Japan is made of five main islands: Hokkaido, Honshu, Shikoku, Kyushu, and Okinawa. Over three-quarters of the 127 million people in Japan live on Honshu, the largest and most development island. Tokyo, the capital, lies on its eastern shore. “Tokyo” is actually used to refer to either Tokyo Metropolis, the 23 Special Wards of Tokyo, Tokyo Station, or even, sometimes, Greater Tokyo which includes seven of the prefectures that surround Tokyo Metropolis. Adding to the general confusion in the nomenclature is the fact that each of these wards refer to themselves as cities, so you end up with cities within a city within a metropolis, which helps no-one.
On a national level, Tokyo means Tokyo Metropolis—one of Japan’s 47 prefectures. It is comprised of two areas: the 23 special wards (what most people mean they they refer to Tokyo) and the rest—the cities and towns that lie to the west. It is best thought of as a constellation of cities that have, over the course of time, merged into one vast urban sprawl which is today home to over 13 million people.
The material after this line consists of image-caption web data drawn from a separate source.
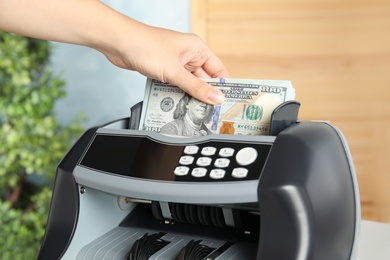 Photo of Woman putting money into counting machine indoors, closeup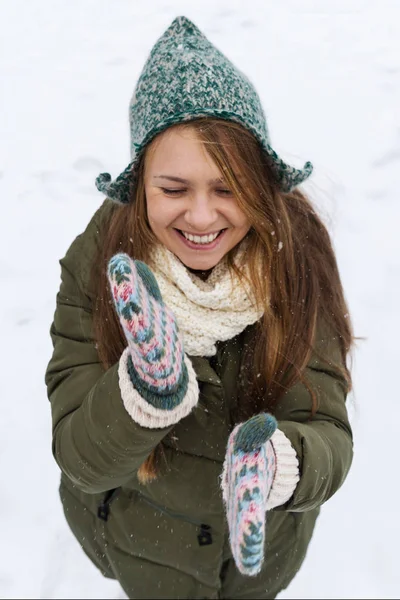 Uzun sarı saçlı güzel bir genç kızla ilk kar sahiptir. Yeşil ceket, yeşil şapka ve eldiven. Üstten görünüm. Kopya alanı.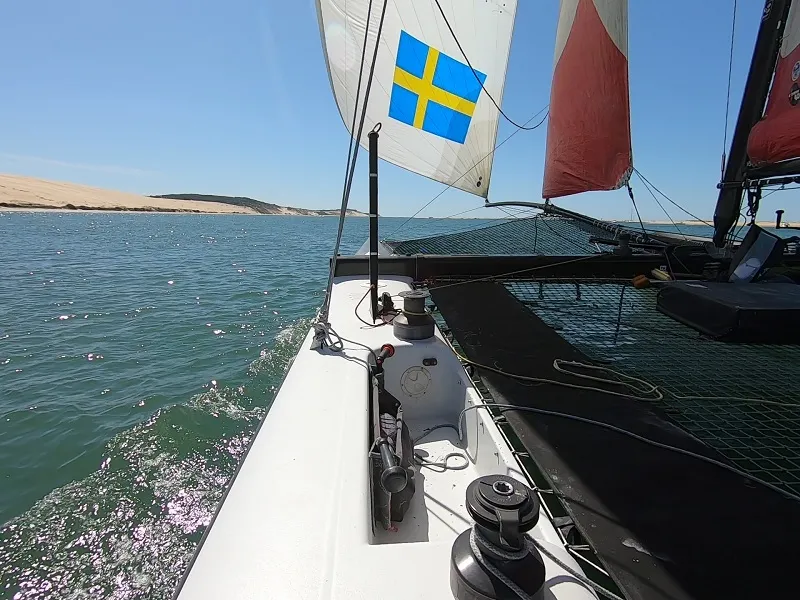 Sailing boat with Swedish flag sailing near Arcachon, with other sailing vessels visible in the background and sand dunes along the coastline.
Approximately three-quarters of the population of Tokyo Metropolis live within the 23 special wards, 13 of which make up what we can think of as central, old Tokyo, and the rest the outer wards. Visitors to Tokyo will typically spend the majority of their time these 13 central wards–which rather confusingly refer to themselves as cities in English—because the majority of the must-dos and must-sees are contained within these 13 wards. However, the outer wards, along with the cities to the west, should not be overlooked if you truly want to experience the charms of the capital.
Old Tokyo is associated with shitamachi (literally, “downtown”), a word which historically referred to the area northeast of Edo Castle (now the grounds of Tokyo Imperial Palace). The areas to the west were referred to as yamanote (“foothills”), where many of the shogun’s vassals held a place of residence in times gone by. However, the boundaries of old and new blurred over time—and so have these definitions. In modern parlance shitamachi is used to refer to a way of life rather than a geographical area; namely, the more laid-back, intertwined lives of the everyday folk that one could romantically think still retains a semblance of Edo period life.
Earthquakes, fires, and the air raids of World War II have meant that architecturally Tokyo is a young city compared with the capitals of Europe or Asia, and even structures such as Tokyo Imperial Palace, Nihombashi Bridge, and Meiji Shrine are barely 100 years old. But Tokyo’s rich history lies in its culture and customs, which have weathered the rapid changes of the past 150 years—and it is this clash of new and old that makes Tokyo such a captivating and fascinating city.